Unfortunately, the high sensitivity of this source observed for
SF.sub.6 is not achieved with all the species which it would be
desirable to analyze. In common with most discharge sources, a
major limitation on the sensitivity arises from the magnitude of
the background signal, even when the source is used with a mass
analyzer fitted with an off-axis detector, as is now conventional.
Another problem encountered with such a source is instability of
the discharge itself which leads to a fluctuation in the level of
the background signal.
It is an object of the invention to provide an improved mass
spectrometer in which a sample present in a flowing gas may be
ionized by a discharge, flame or corona, and which produces a lower
background signal in the absence of the sample than previously
known types.

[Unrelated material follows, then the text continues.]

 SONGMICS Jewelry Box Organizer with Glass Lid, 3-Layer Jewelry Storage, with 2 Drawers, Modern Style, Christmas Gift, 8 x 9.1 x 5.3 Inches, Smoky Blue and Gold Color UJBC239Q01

It is a further object to provide an improved mass
spectrometer having a pulsed glow discharge ion source and which
has greater sensitivity than previously known types.
In accordance with these objectives there is provided a mass
spectrometer for the analysis of a sample of matter comprised in a
flow of gas, said spectrometer comprising:
a) means for causing gas comprising a said sample of matter to flow
through a plasma enclosure;
b) means for forming a plasma in gas within said plasma
enclosure;
c) conduit means through which gas and products formed in said
plasma may flow from said plasma enclosure to a sampling
member;
d) a sampling aperture formed in said sampling member through which
aperture ions characteristic of said sample of matter may pass from
said conduit means into a mass analyzer;
e) means for venting from said conduit means gas which does not
pass through said sampling aperture; and
f) means for maintaining said mass analyzer at a pressure of less
than 10.sup.-3 torr;
said conduit means being so constructed that there exists no
line-of-sight path between the interior of said plasma enclosure
and said the sampling aperture in said sampling member.

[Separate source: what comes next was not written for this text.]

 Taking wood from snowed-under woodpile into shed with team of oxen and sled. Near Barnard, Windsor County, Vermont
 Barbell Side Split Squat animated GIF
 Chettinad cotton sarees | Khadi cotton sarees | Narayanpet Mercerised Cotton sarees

In an alternative embodiment, the invention provides a mass
spectrometer for the analysis of a sample of matter, said
spectrometer comprising:
a) means for causing gas to flow through a plasma enclosure;
b) means for forming a plasma in said gas within said plasma
enclosure;
c) conduit means through which gas may flow from said plasma
enclosure to a sampling member;
d) means for introducting a said sample of matter into said gas in
said conduit means whereby to form ions characteristic of said
sample by reaction of said sample with excited species present in
said gas which have been generated in said plasma;
e) a sampling aperture formed in said sampling member through which
ions characteristic of said sample may pass from said conduit means
into a mass analyzer;
f) means for venting from said conduit means gas which does not
pass through said sampling aperture; and
g) means for maintaining said mass analyzer at a pressure of less
than 10.sup.-3 torr;
said conduit means being so constructed that there is no
line-of-sight path through between the interior of said plasma
enclosure and said sampling aperture in said sampling member.

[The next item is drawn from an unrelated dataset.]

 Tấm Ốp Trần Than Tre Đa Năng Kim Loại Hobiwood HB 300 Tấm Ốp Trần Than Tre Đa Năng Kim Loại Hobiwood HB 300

In the present specification, the term "plasma" encompasses a glow
discharge, microwave discharge, corona discharge or any other
similar type of ionizing media.
The conduit means may conveniently comprise a first conduit member
through which flows gas from the plasma enclosure and a second
conduit member through which the gas leaving the first conduit
member may flow to the sampling aperture. The axes of the first and
second conduit members may then be arranged to intersect at an
angle and a position such that no line-of-sight path exists between
the plasma enclosure and the sampling aperture.
Alternatively the conduit means may comprise an entrance portion
through which the gas flows on leaving the plasma enclosure and an
exit portion through which the gas flows towards the sampling
aperture. In the entrance portion the gas flow may be generally
aligned with a first axis and in the exit portion it may be
generally aligned with a second axis. In accordance with the
invention the first and second axes may be inclined to each other
or displaced from one another so that no line-of-sight path exists
between the sampling aperture and the interior of the plasma
enclosure. Alternatively or additionally, light path interrupting
means may be provided between the entrance and exit portions, for
example a Wood's horn or a series of baffles.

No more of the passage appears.